Teenagers are renowned for the state of their rooms, the mugs of cold coffee, three-week old half-eaten pizzas and clothing strewn across the floor.

Sky News presenter Jacquie Beltrao made headlines this month for claiming her teen son has the world’s messiest room.

She shamed him by posting a photo of his bedroom on Twitter, while jokily asking if anyone could compete with it.

Of course, others came forward, including newspaper columnist Sarah Vine, saying her daughter’s ‘pit’ makes warthogs look house-proud. Needless to say, photos of the teenager’s bedroom appeared online for the world to see.

I feel sorry for teenagers: it is as though they are expected to have messy rooms as a badge of honour. Yet many don’t. My eldest daughter, now at university, had an immaculate room with everything in its place.

Her younger sister, I admit was messy, and yes I did find all manner of stuff, including the remains of days-old meals - lurking in corners. But, however messy she was, she could not compete with an even messier individual - her mother.

I am messy parent. I leave mess everywhere, from table tops to sofas to floors. Give me a tidy room and I will manage to mess it up.

I want to be neat but somehow I can’t achieve it. I move piles of stuff to clear spaces, but simply end up putting it somewhere else. I don’t have a home for so many things, from newspapers, which I am always picking up and flicking through, to unironed laundry… what I would give for a utility room.

There are certainly, other messy parents out there.

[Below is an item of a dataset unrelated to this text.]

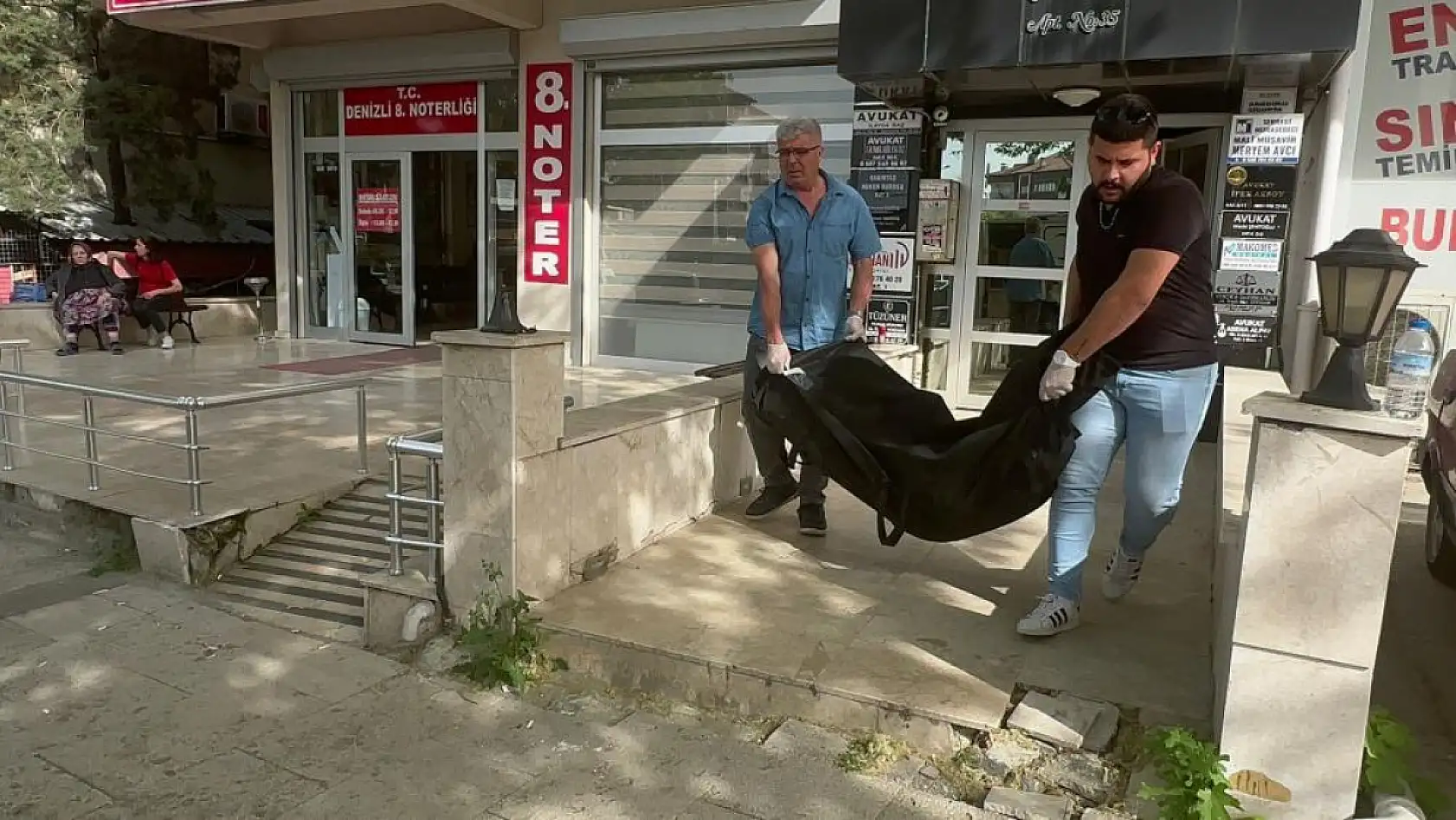 Yalnız yaşayan 60 yaşındaki adam evinde ölü bulundu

I remember as a child, some of my friends’ parents keeping very dishevelled homes. In one, I was always appalled that the beds were never made and dirty pots sat in the kitchen.

A report in the magazine Psychology Today states that the messy room is emblematic of the adolescent age.

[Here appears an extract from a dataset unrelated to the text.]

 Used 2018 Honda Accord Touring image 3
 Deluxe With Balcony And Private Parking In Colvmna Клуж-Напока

It usually begins in early adolescence, it says, due to ‘personal disorganisation’ brought on by growth changes resulting in a state of ‘internal confusion and external disarray that quickly attracts perents’ attention.’

In my family the tables are turned. I am by far the most disorganised person in the house. ‘Internal confusion and external disarray’ accurately sums me up and must go some way towards explaining the way I live.

It is my messiness that attracts attention from my children. “If I bring a friend home will you tidy up, Mum?” they will ask. Ironically, in her late teens, my messy daughter would not invite friends round because, she said, she was ashamed of the mess.

I’m not going to present pictures of my cluttered bedroom - that would be too personal and I do feel for these teens whose parents reveal their rooms to the world - but I can offer up my dining table as it looks at the time of my writing.

I genuinely don’t want to be messy. I would love my home to be neat and tidy - a scene of domestic order. Were this the case I am sure I would feel calmer and more organised.

But at present I can’t see it happening. As the Psychology Today report points out, ‘the messy room represents personal freedom to live on his or her own terms.’

Quite. Just like many teenagers, for now, I am unable to live without mess. I publicly apologise to my daughters for being a messy parent.